An Iranian man holds the Iranian national flag during a memorial ceremony for those killed in anti-government protests earlier last month, at the Mosalla mosque in Tehran, Iran, 17 February 2026. (EPA)
An Iranian man holds the Iranian national flag during a memorial ceremony for those killed in anti-government protests earlier last month, at the Mosalla mosque in Tehran, Iran, 17 February 2026. (EPA)

Iranians shouted slogans against Supreme Leader Ali Khamenei on Tuesday as they gathered to commemorate protesters killed in a crackdown on nationwide demonstrations that rights groups said left thousands dead, according to videos verified by AFP.

The country's clerical authorities also staged a commemoration in the capital Tehran to mark the 40th day since the deaths at the peak of the protests on January 8 and 9.

Officials acknowledge more than 3,000 people died during the unrest, but attribute the violence to "terrorist acts", while rights groups say many more thousands of people were killed, shot dead by security forces in a violent crackdown.

The protests, sparked by anger over the rising cost of living before exploding in size and anti-government fervor, subsided after the crackdown, but in recent days Iranians have chanted slogans from the relative safety of homes and rooftops at night.

On Tuesday, videos verified by AFP showed crowds gathering at memorials for some of those killed again shouting slogans against the theocratic government in place since the 1979 revolution.

In videos geolocated by AFP shared on social media, a crowd in Abadan in western Iran holds up flowers and commemorative photos of a young man as they shout "death to Khamenei" and "long live the shah", in support of the ousted monarchy.

Another video from the same city shows people running in panic from the sounds of shots, though it wasn't immediately clear if they were from live fire.

In the northeastern city of Mashhad a crowd in the street chanted, "One person killed, thousands have his back", another verified video showed.

Gatherings also took place in other parts of the country, according to videos shared by rights groups.

- Official commemorations -

At the government-organized memorial in Tehran crowds carried Iranian flags and portraits of those killed as nationalist songs played and chants of "Death to America" and "Death to Israel" echoed through the Khomeini Grand Mosalla mosque.

Iranian President Masoud Pezeshkian attended a similar event at the Imam Reza shrine in Mashhad.

Authorities have accused sworn enemies the United States and Israel of fueling "foreign-instigated riots", saying they hijacked peaceful protests with killings and vandalism.

Senior officials, including First Vice President Mohammad Reza Aref and Revolutionary Guards commander Esmail Qaani, attended the ceremony.

"Those who supported rioters and terrorists are criminals and will face the consequences," Qaani said, according to Tasnim news agency.

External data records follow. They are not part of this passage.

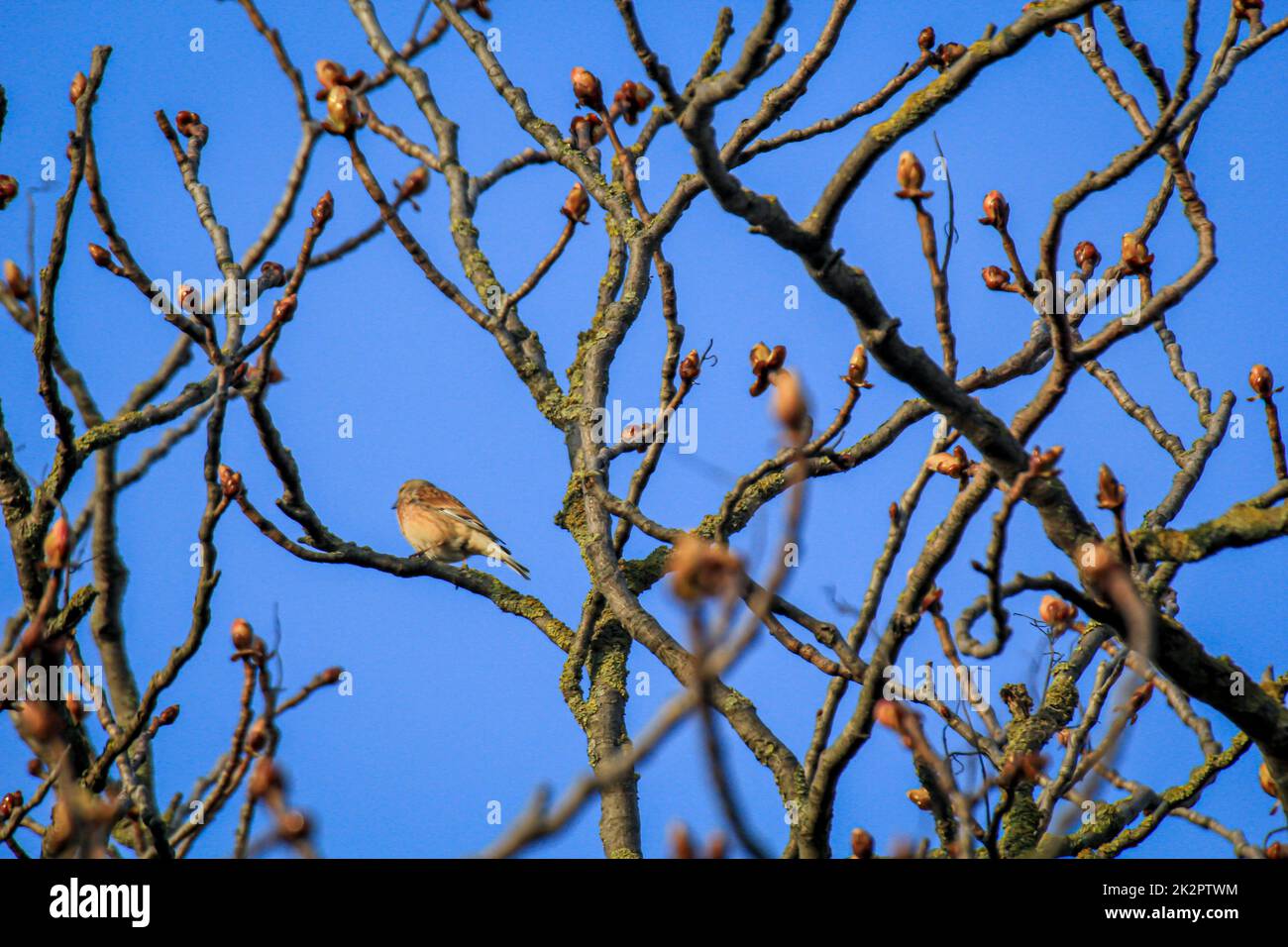 Un filet de sang, également appelé linnet ou finch de lin sur un arbre. Banque D'Images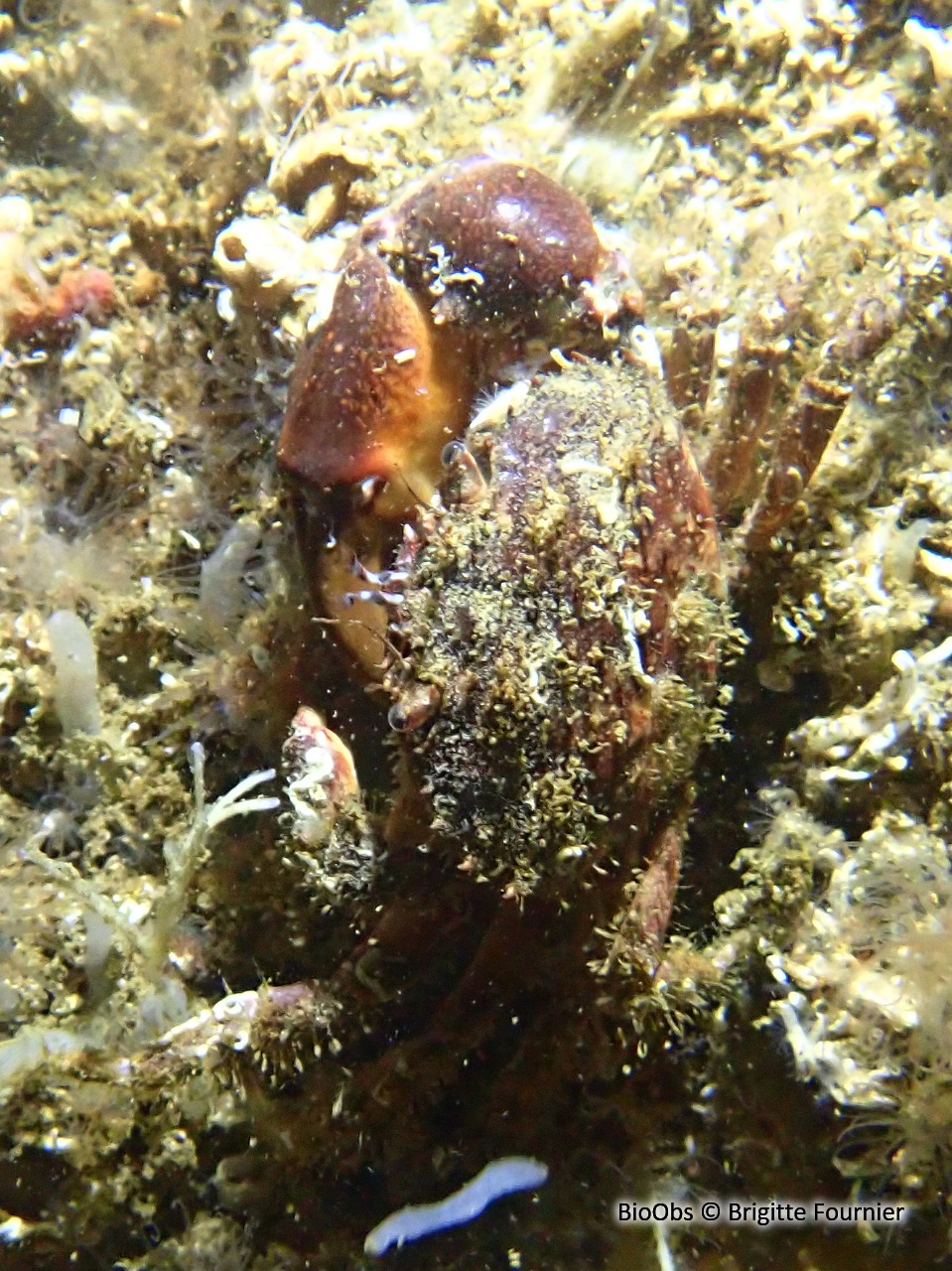 Crabe verruqueux - Eriphia verrucosa - Brigitte Fournier - BioObs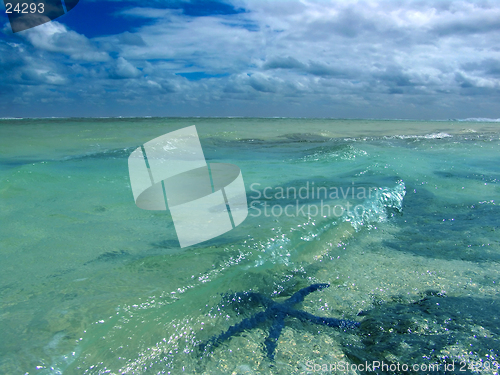 Image of Starfish in Water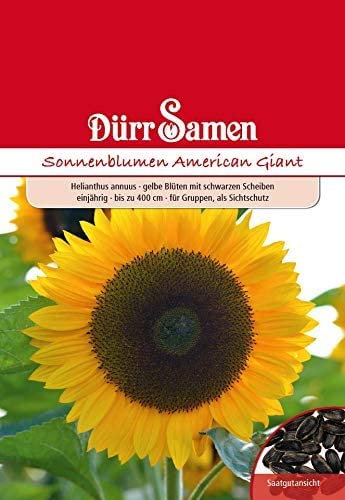 Riesen Sonnenblume Samen American Giant Sonnenblumensamen bis zu 4 m Groß Bienenfreundlich Riesensonnenblume ca 10 Korn Saatgut Garten Gelbe Blüten Dürr Samen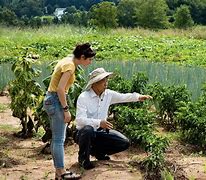 Image result for 10th Generation Farmer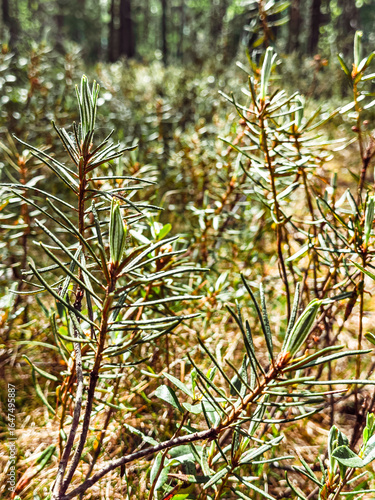 Bouquet of marsh rosemary in hand against a forest background (Rhododendron Tomentosum). Labrador tea, ledum, wild rosemary, composition of wild forest plants close up. Photo.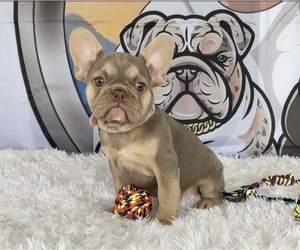 French Bulldog Puppy for sale in LEHIGH ACRES, FL, USA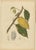 Hoola van Nooten, White Cacao Botanical, 1880, Chromolithograph For Sale - Image 10 of 10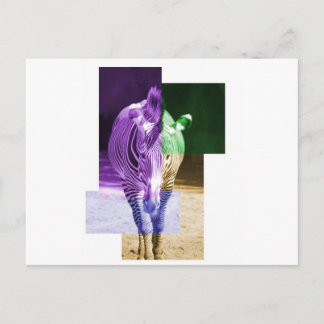 Rainbow Zebra Postcard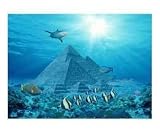 pyramid fish Emerging Artists Photographic Poster Print by David Rickerd, 10x8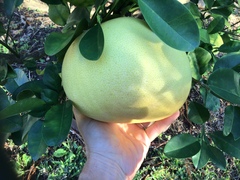 Citrus maxima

International organizations have said evidence shows Iranian security forces targeted protesters with live fire under the cover of an internet blackout.

The US-based Human Rights Activists News Agency (HRANA) has recorded more than 7,000 killings in the crackdown, the vast majority protesters, though rights groups warn the toll is likely far higher.

More than 53,500 people have been arrested in the ongoing crackdown, HRANA added, with rights groups warning protesters could face execution.

Tuesday's gatherings coincided with a second round of nuclear negotiations between Iran and the United States in Geneva, amid heightened tensions after Washington deployed an aircraft carrier group to the Middle East following Iran's crackdown on the protests.